## What the task requires
Leaving out the images, repeat all the lines below exactly.

## Supplied data
■ ■ ■ ■ ■
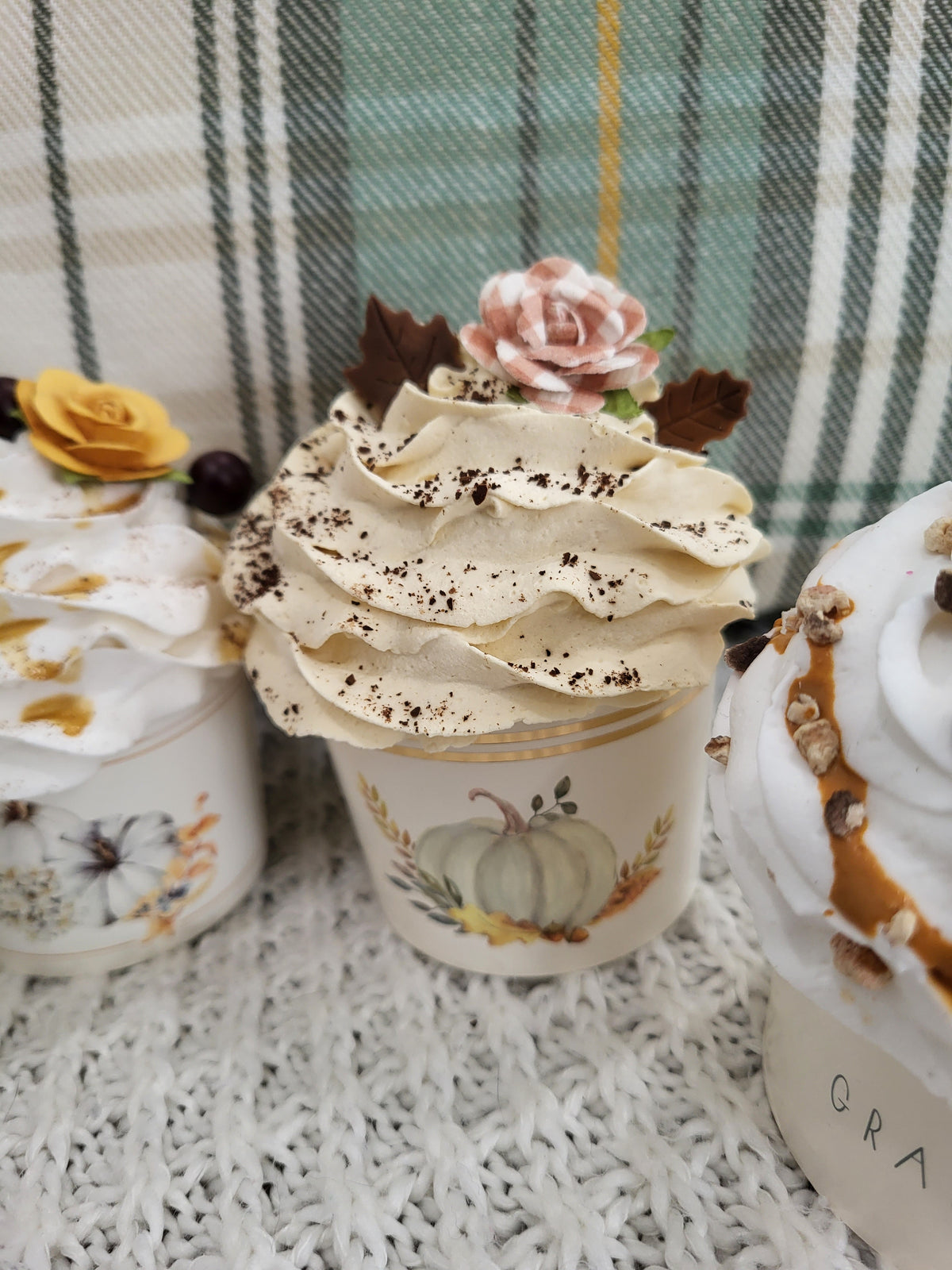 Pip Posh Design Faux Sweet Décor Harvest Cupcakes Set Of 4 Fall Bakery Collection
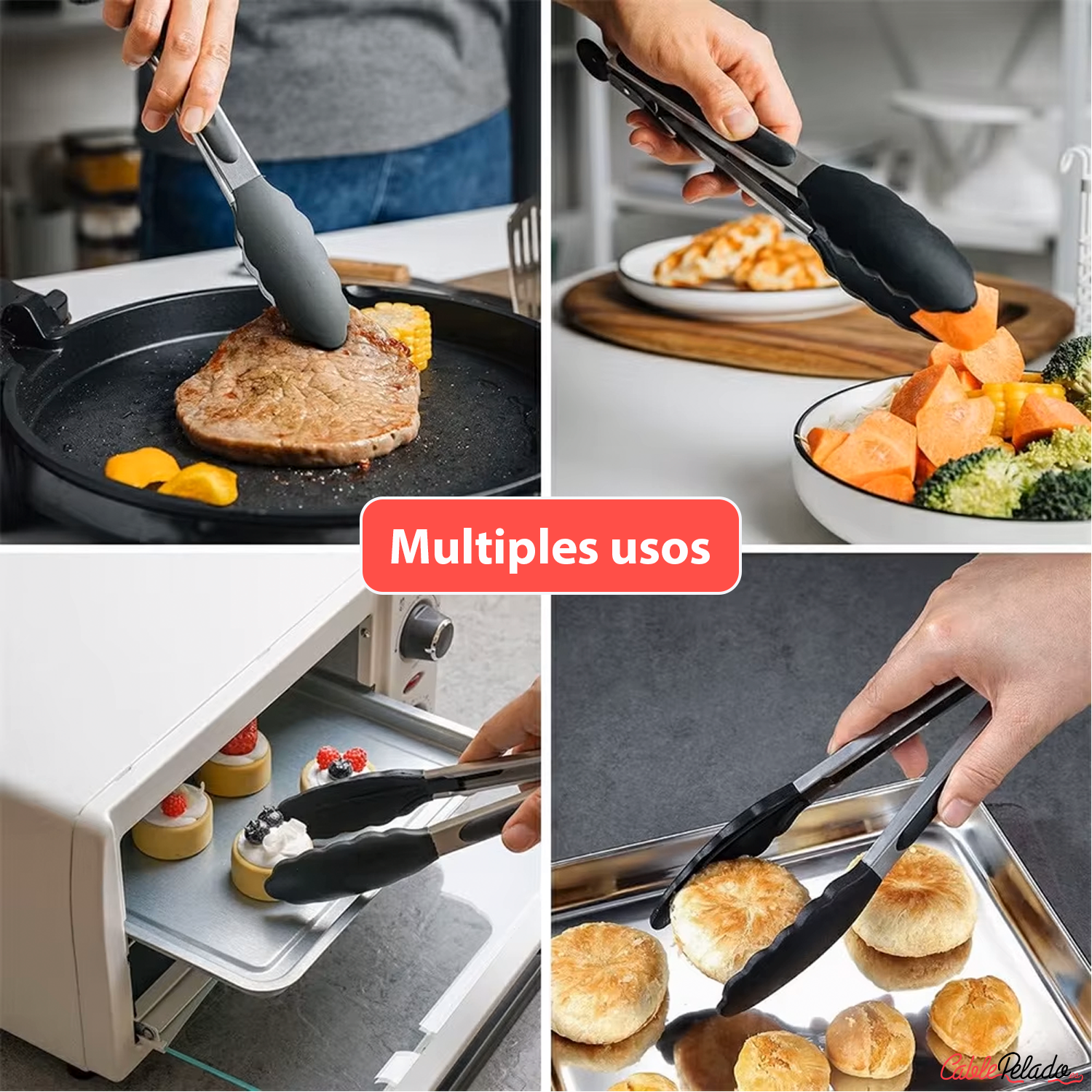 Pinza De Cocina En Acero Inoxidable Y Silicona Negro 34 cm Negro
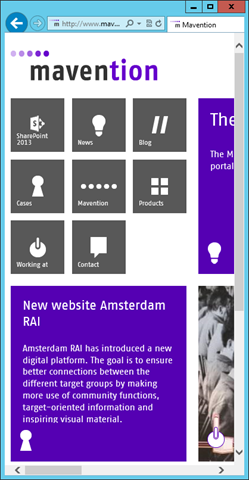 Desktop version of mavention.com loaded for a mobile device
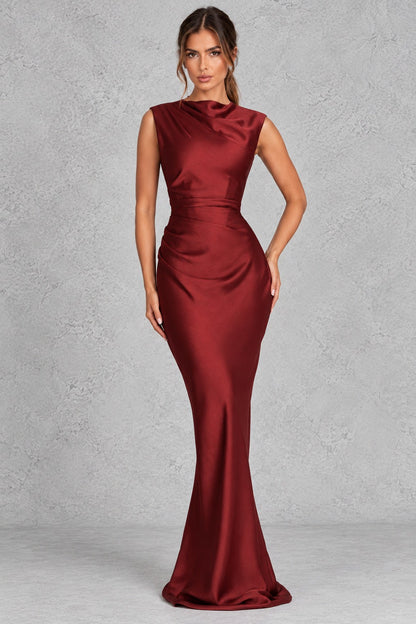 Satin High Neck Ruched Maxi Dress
■ ■ ■ ■ ■
## Response
 Pip Posh Design Faux Sweet Décor Harvest Cupcakes Set Of 4 Fall Bakery Collection
 Pinza De Cocina En Acero Inoxidable Y Silicona Negro 34 cm Negro
 Desktop version of mavention.com loaded for a mobile device
 Satin High Neck Ruched Maxi Dress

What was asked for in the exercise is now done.